Un grupo de guardias de seguridad traspasaron las puertas de la audiencia. La mayoría del público quería dirigirse a la salida, y abarrotaban los pasillos laterales.

– ¿Qué está pasando aquí? -exigió saber el juez Thompson, pero nadie le oía.

– Está mintiendo, Eve -dije tratando de enfrentarlas entre sí-. Se lo contó todo a la policía. Por eso están aquí. Para arrestarte. Apuñalaste al marido de Eileen y escondiste el arma homicida en la caja de seguridad. Renee lleva la llave colgada del cuello; tú, en el brazalete. Recordé lo que dijiste sobre «las llaves en el joyero». Interrogué a Renee y ella me contó toda la verdad.

– ¡No, no, no! -gritó Renee. Empezó a caer presa del pánico y a buscar frenéticamente la llave en el vestido. Azzic permanecía impertérrito observando la escena en un silencio siniestro.

– ¡Orden! ¡Mantengan el orden! -pedía el juez Thompson haciendo sonar el mazo. ¡Crac! ¡Crac! ¡Crac!

– -¡Esto es ridículo! -chilló Eve-. ¡Te denunciaré por difamación, por calumnia! -Hizo una mueca de desprecio con los labios pintados de rojo. Era demasiado lista para incriminarse; yo no esperaba que lo hiciera. Yo sabía cuál de las dos tenía un flanco débil. Me dirigí a Renee.

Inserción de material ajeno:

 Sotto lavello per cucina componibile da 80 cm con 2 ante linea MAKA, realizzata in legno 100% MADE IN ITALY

– -¡Di la verdad, Renee! Lo del marido de Eileen fue idea tuya, pero lo de Mark fue idea de Eve. Los policías tienen una declaración de Jessie Morgan.

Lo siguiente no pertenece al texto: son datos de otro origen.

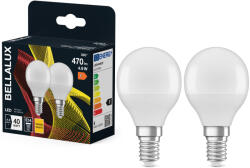 Bellalux E14 LED kisgömb, 4, 9W, 470 lm, 2700 K, melegfehér, opál műanyag-40 W izzó helyett, 2 darabos - Classic P (4058075157064)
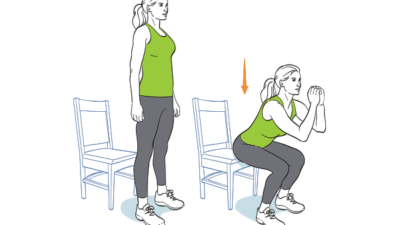 جدول تمارين السكوات لتكبير المؤخرة Sit-to-stand squat تمرين السكوات بالجلوس على الكرسي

– ¿Jessie? -Renee quedó atónita y con los ojos al borde de las lágrimas. Sus manos dejaron de moverse frenéticamente y se aferraron a su propio cuello. Sentí un ramalazo de simpatía por ella, pero seguí adelante tratando de dar en la yugular. Ella había matado a Mark y me había traicionado.

– Dejaste las tijeras cuando fuiste a mi apartamento, Renee. Lo arreglaste con Eve y tramaste con ella cargarme con el asesinato del presidente de Furstmann. Hiciste que Eve matara a Bill porque él no quería ser cómplice de lo que ocurría. Dilo ahora. Confiesa la verdad. Es tu oportunidad. Ya no tienes que guardar más secretos.

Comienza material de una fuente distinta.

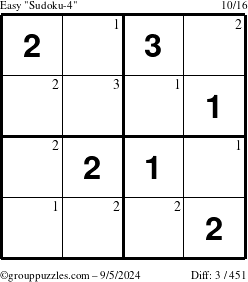 The grouppuzzles.com Easy Sudoku-4 puzzle for Thursday September 5, 2024 with the first 3 steps marked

– ¡No, no, no! -gritó Renee con el rostro descompuesto por la angustia. Empezó a menear la cabeza y a sollozar-. Fue… idea de Eve. Yo no quería matar a Mark. Él no hizo… nada. Ella me dijo… que le contaría lo de Eileen. Y lo que hicimos. Quería la empresa para ella.

Habría aplaudido su confesión de no ser una trama tan diabólica. Me alcanzó una oleada de agotamiento que me dejó temblando. Se me llenaron los ojos de lágrimas de alivio. Era el final. Casi.

De repente, Eve salió corriendo ante el perplejo jurado y se dirigió a la puerta. Azzic hizo una seña a sus hombres para que salieran detrás de ella. Los guardias de seguridad llegaron a la fila donde Renee estaba cabizbaja y llorando. El juez Thompson hacía sonar el mazo en vano. ¡Crac! ¡Crac! ¡Crac!

Azzic se abrió paso por el pasillo y me miró a los ojos. En su mirada, se vislumbró un mínimo asomo de arrepentimiento que enmascaró rápidamente.

– Diga que lo siente, Azzic. Es lo menos que puede hacer. -Me pasé una mano por los ojos.

Cuando levanté la mirada, se había ido.